TASK TO COMPLETE >> Please give back each line of the material unchanged, but without the images.

GIVEN DATA >>
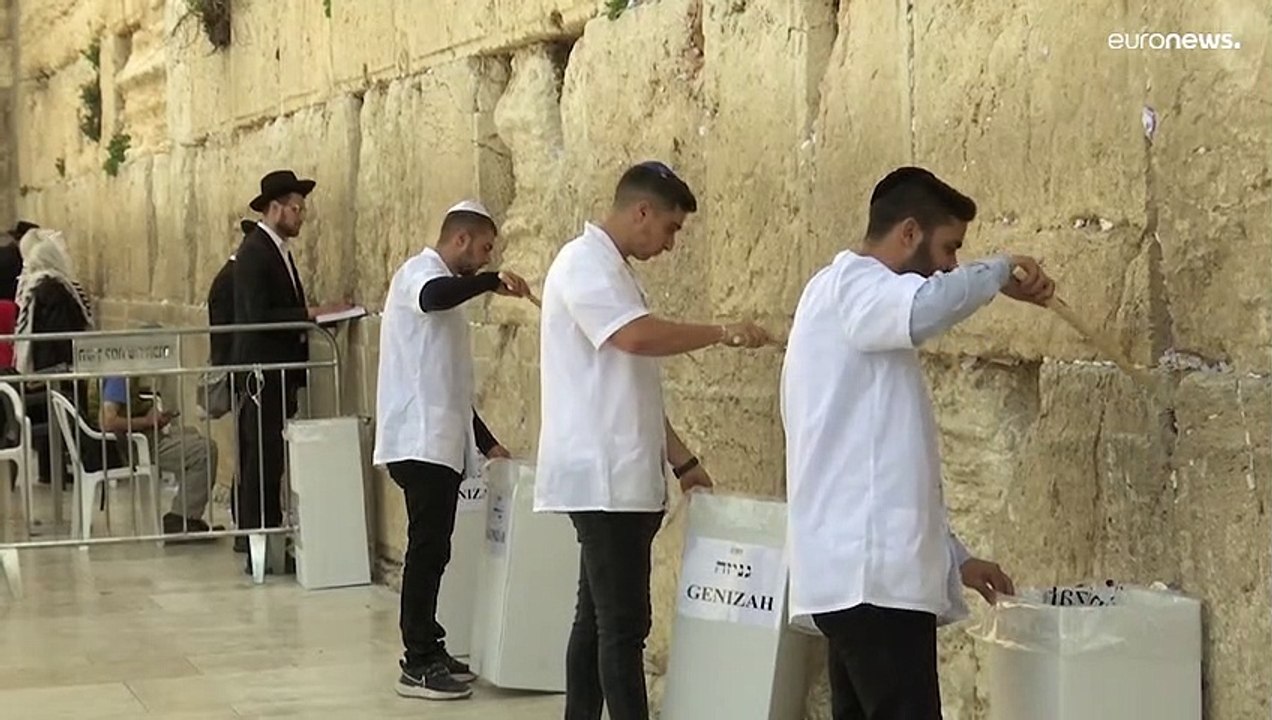Vor Pessach-Fest: Notizen werden aus der Klagemauer entfernt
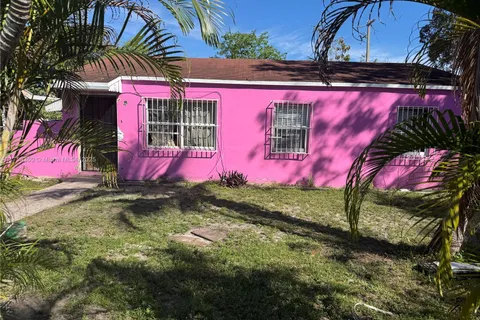 769 NW 118th St, Miami FL 33168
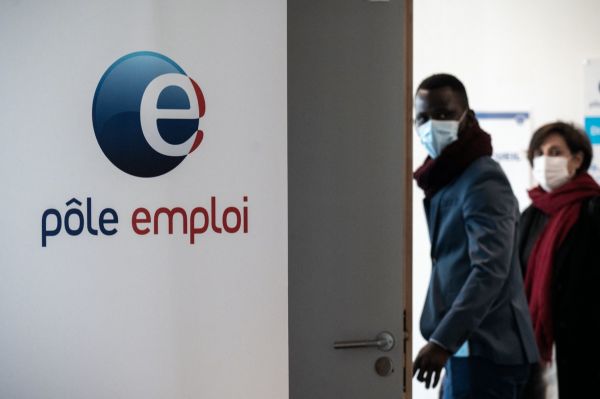 Le chômage en très légère hausse de 0,3 % en avril, une première depuis un an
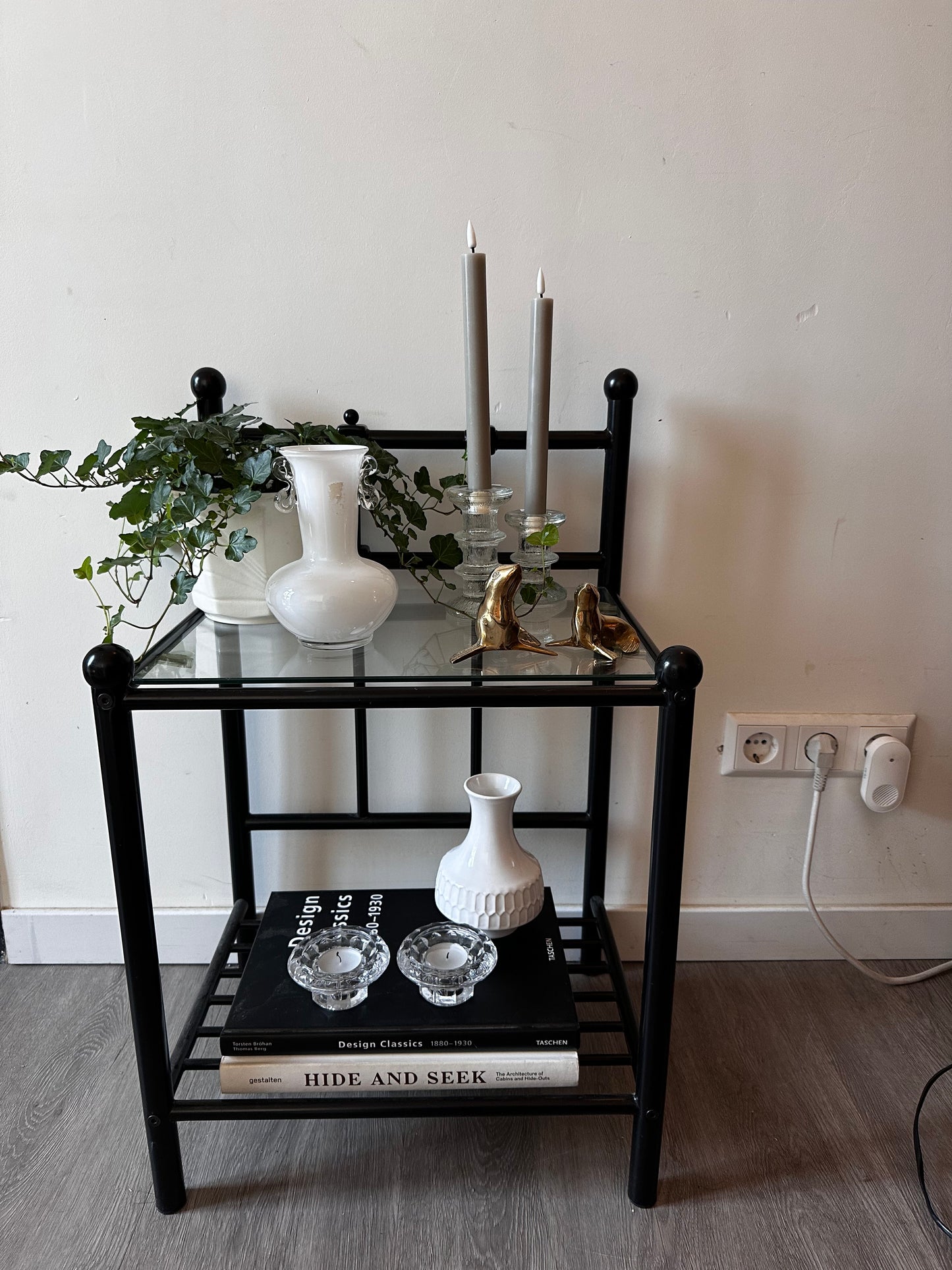 Nachtkastje bijzettafeltje vintage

TASK RESULT >>
Vor Pessach-Fest: Notizen werden aus der Klagemauer entfernt
 769 NW 118th St, Miami FL 33168
 Le chômage en très légère hausse de 0,3 % en avril, une première depuis un an
 Nachtkastje bijzettafeltje vintage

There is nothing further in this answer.